### Task details
The listing below should be reproduced exactly, with the pictures omitted.

### Recorded data

==================================================

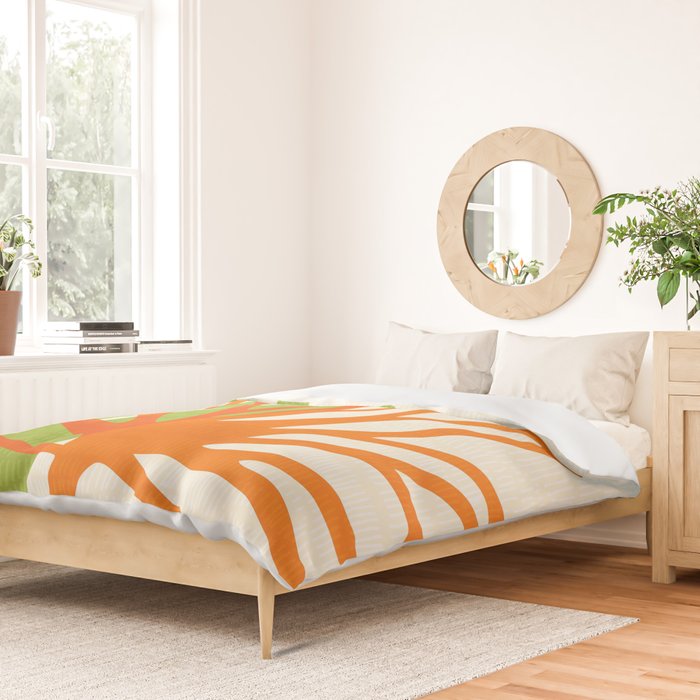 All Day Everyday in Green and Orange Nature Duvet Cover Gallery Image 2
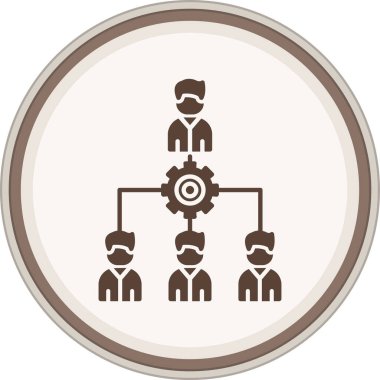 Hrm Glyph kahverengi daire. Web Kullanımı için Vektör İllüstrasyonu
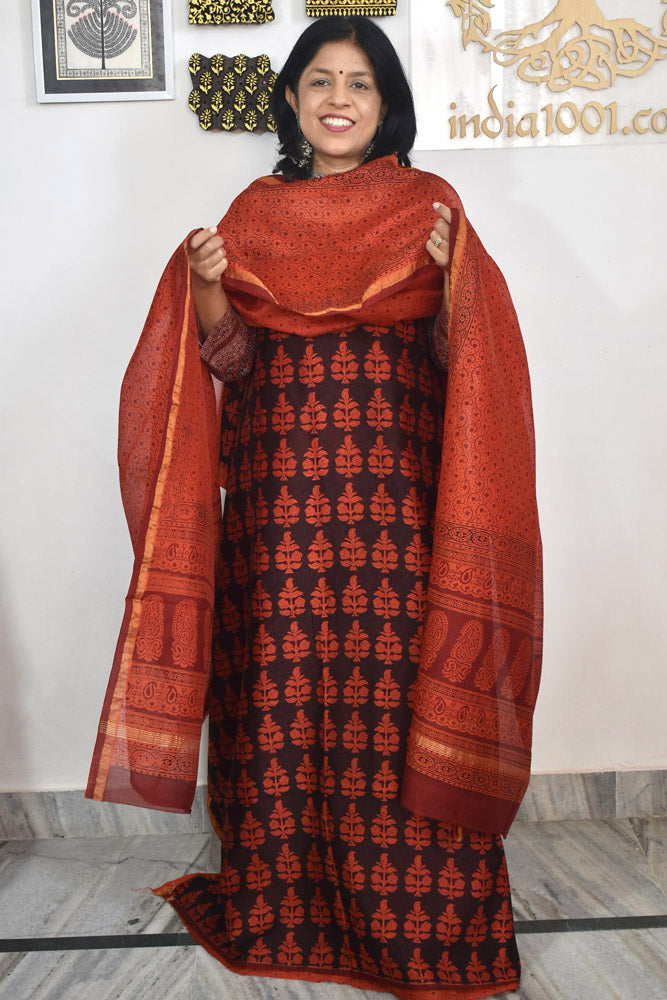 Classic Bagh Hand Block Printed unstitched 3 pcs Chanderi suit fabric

==================================================

### Answer to the problem
 All Day Everyday in Green and Orange Nature Duvet Cover Gallery Image 2
 Hrm Glyph kahverengi daire. Web Kullanımı için Vektör İllüstrasyonu
 Classic Bagh Hand Block Printed unstitched 3 pcs Chanderi suit fabric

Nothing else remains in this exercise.